— Extracted records —
++++

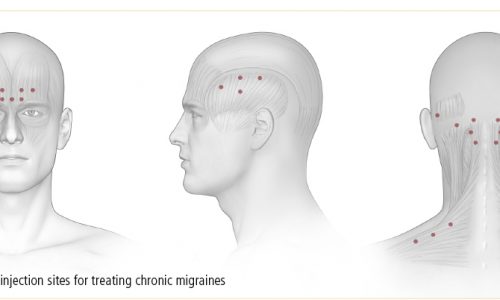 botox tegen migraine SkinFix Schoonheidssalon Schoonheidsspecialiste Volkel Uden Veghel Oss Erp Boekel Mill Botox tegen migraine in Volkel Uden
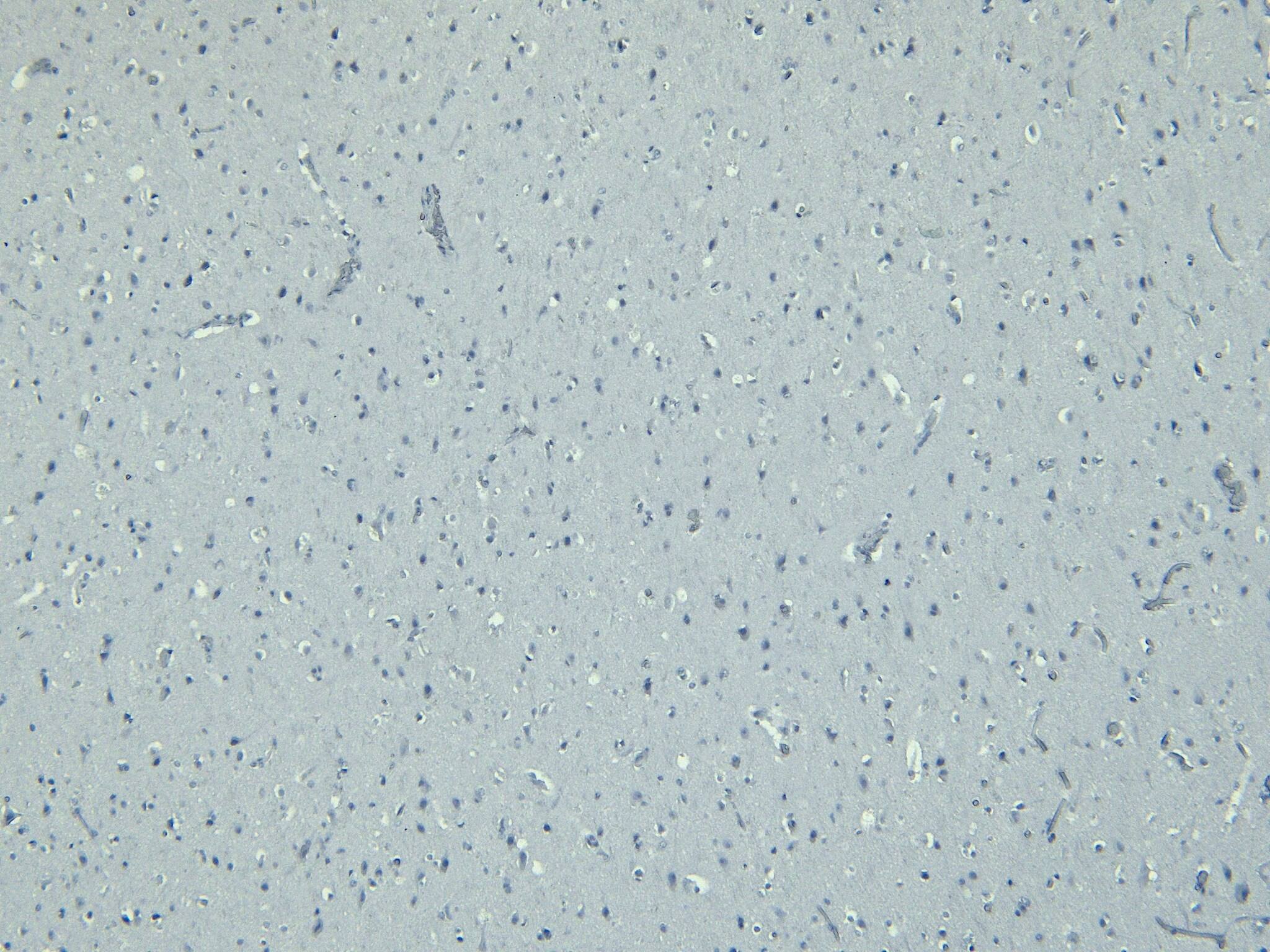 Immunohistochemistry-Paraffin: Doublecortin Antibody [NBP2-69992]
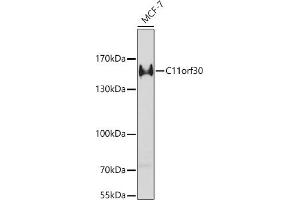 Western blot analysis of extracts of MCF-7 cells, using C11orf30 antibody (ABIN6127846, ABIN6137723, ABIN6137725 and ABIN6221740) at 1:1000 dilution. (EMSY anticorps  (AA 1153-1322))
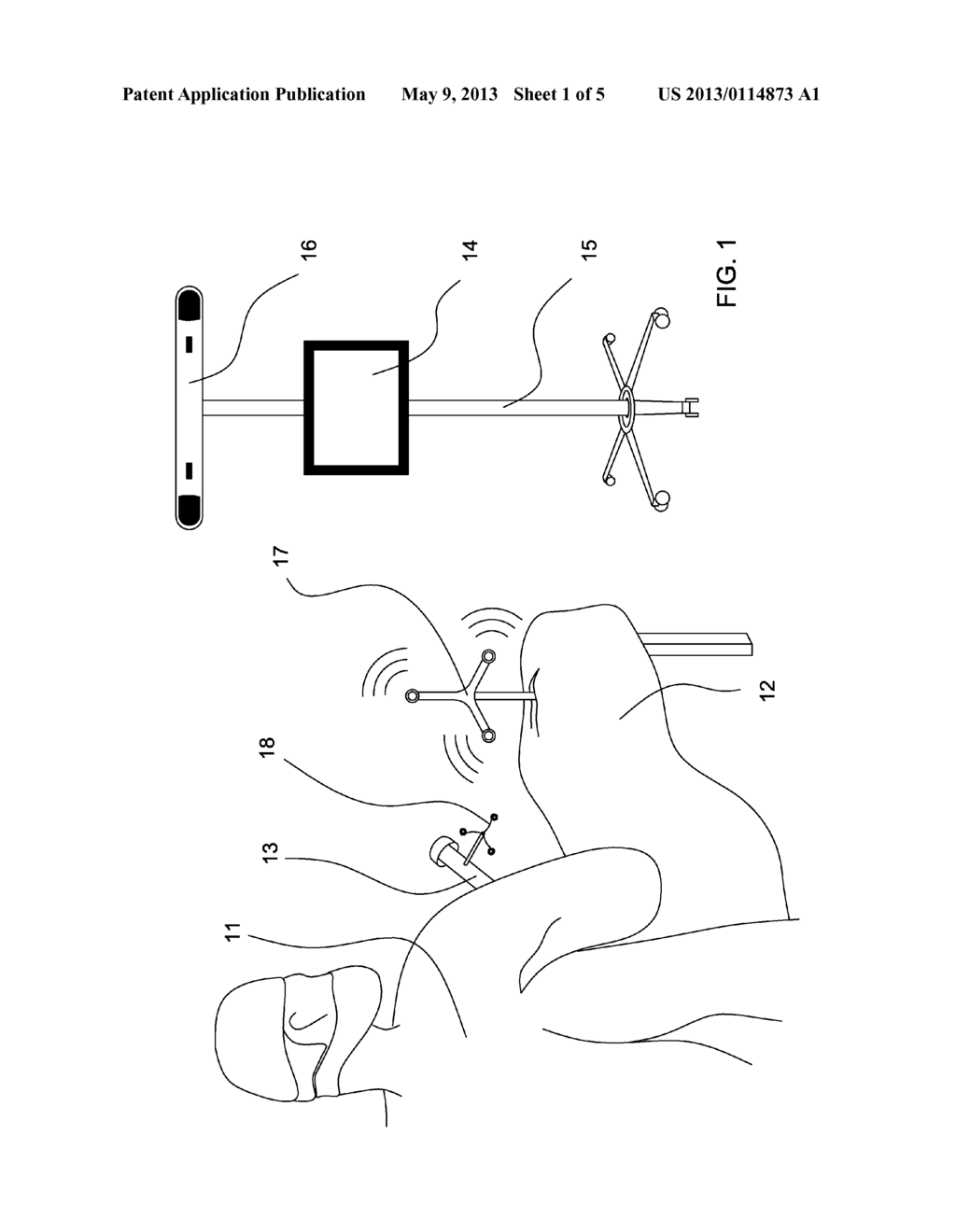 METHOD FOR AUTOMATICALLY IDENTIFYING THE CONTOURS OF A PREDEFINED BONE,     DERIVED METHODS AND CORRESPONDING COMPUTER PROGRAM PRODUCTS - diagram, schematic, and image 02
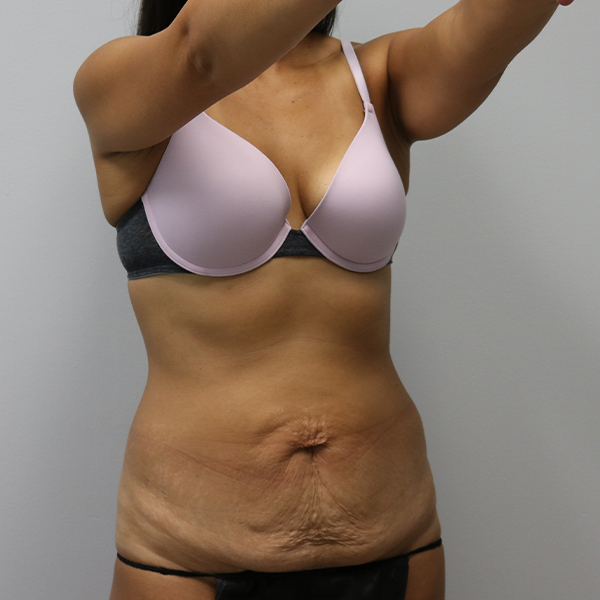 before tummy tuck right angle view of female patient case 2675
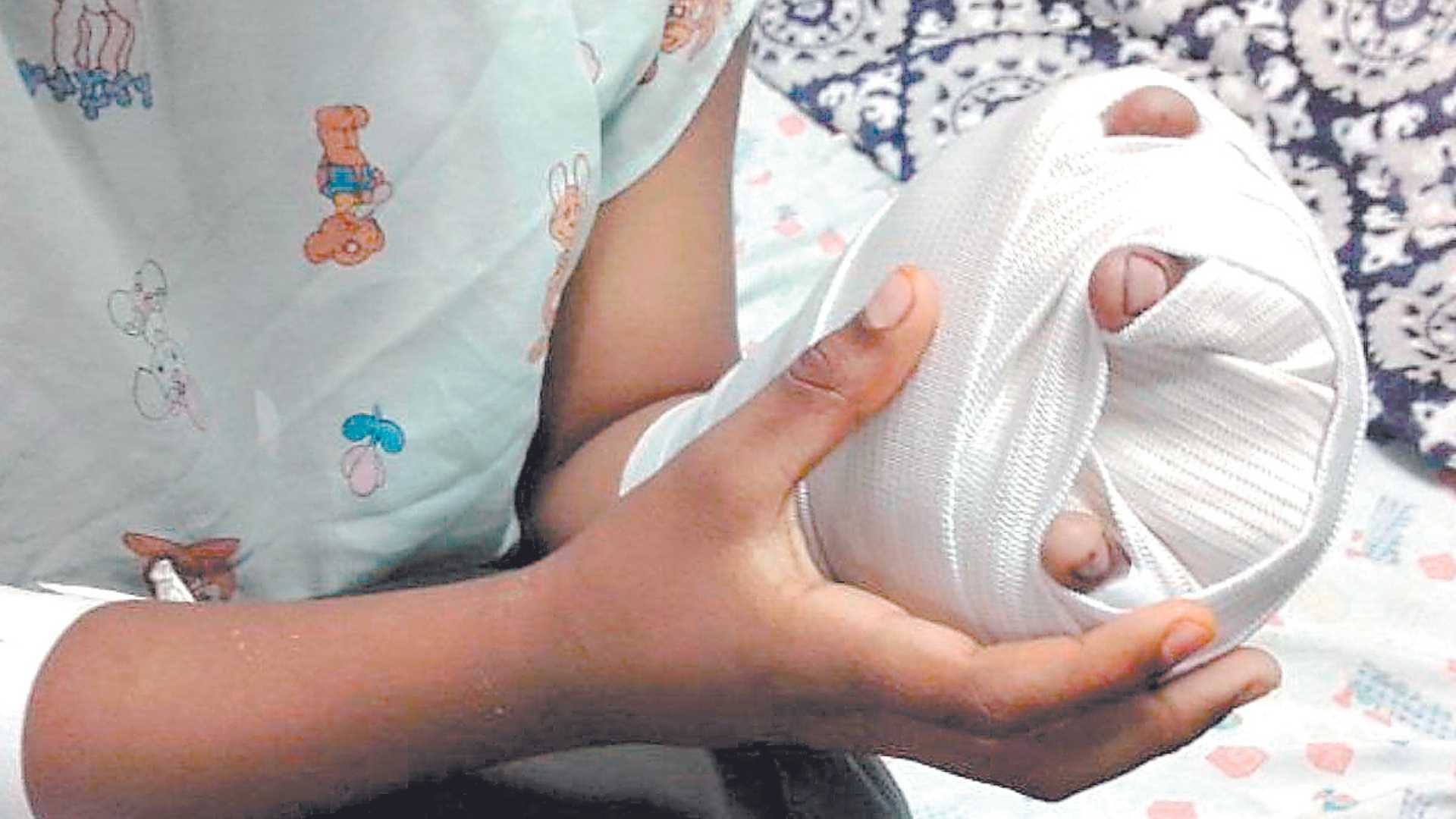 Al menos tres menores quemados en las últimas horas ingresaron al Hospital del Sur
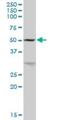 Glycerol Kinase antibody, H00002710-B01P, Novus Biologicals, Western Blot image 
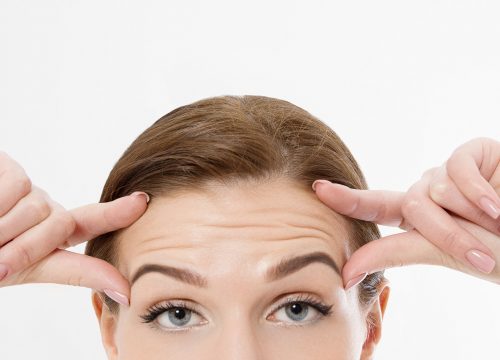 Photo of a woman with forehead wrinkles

++++

— Exercise prompt —
Restate, exactly as they appear, the line with "before tummy tuck" and all the lines after it up to the end of the data above; images do not belong in the copy.

— Solution to this task —
 before tummy tuck right angle view of female patient case 2675
 Al menos tres menores quemados en las últimas horas ingresaron al Hospital del Sur
 Glycerol Kinase antibody, H00002710-B01P, Novus Biologicals, Western Blot image 
 Photo of a woman with forehead wrinkles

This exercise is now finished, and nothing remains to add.